Mc Tool wrote: Thu Jun 16, 2022 11:06 pm I'll bite 😁 .Why do you fit this X frame thing ,which to me looks like something Isambard Brunel could have come up with , I mean , obviously to stop Capri wavin her arse about ,but wouldn't a simple panard rod be better? I think there is something fundamentally wrong with clamping stuff to leaf springs .
So , what am I missing ( and dont nobody say a right leg 😁).
It's what Tickford did, though they welded the brackets to the axle casing. Simpler solution than the bracketry required for the panhard set up I'm told.
Think I was one of the first to fit the original Skorpion kit to my 2.8i back in 1992. Worked so well I had to uprate the front end to get rid of the understeer. Ended up with a beautifully neutral car that would four wheel drift in the wet. ;)
Most prevalent on the Mk1 3 litre, the issue with the leaf springs is that they would twist lengthways, allowing the axle to move up to an inch out of line with the body, from side to side.
So you hammer into a corner and the axle stays put but the body moves outwards over it.
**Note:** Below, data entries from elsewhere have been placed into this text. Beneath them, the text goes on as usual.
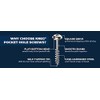 KREG High Quality Zinc Screws 19mm Screw Length, Fine Thread,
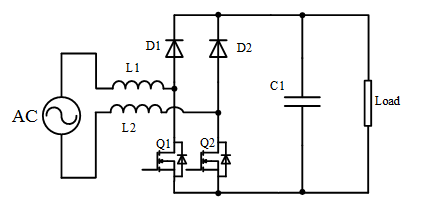 MOSFET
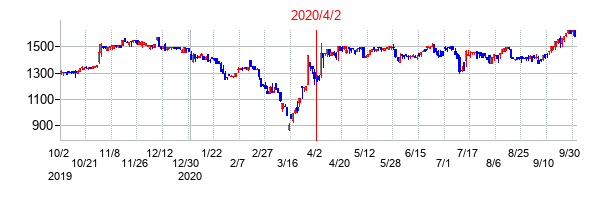 2020年4月2日決算発表前後のの株価の動き方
Mid corner you hit a bump, the axle jumps outwards to line up with the body and you are taken backwards to the scene of the accident. :?
I agree that the x-frame is an industrial scale solution, but it does work.
To a smaller extent it also helps prevent the front of the diff trying to climb up under acceleration, by transmitting that twisting force into the leaf springs. On the original A-Frame this pushed all that force into the front end of the springs, which couldn't have been very good for them.
In the X-Frame it transmits the force equally to both ends of the spring. Still the same force in total applied to the spring, but not such great point loads.
So the simple answer is: a cheap solution which turned out to be more effective than anyone thought it would.
My old 2.8i is still on the road and still wearing it's original X-Frame and leaf springs. I'm told it still handles well. That could be due to the 1" front ARB and 5/8" rear ARB, and the 175, -1" front springs, plus the Skorpion strut brace as well though.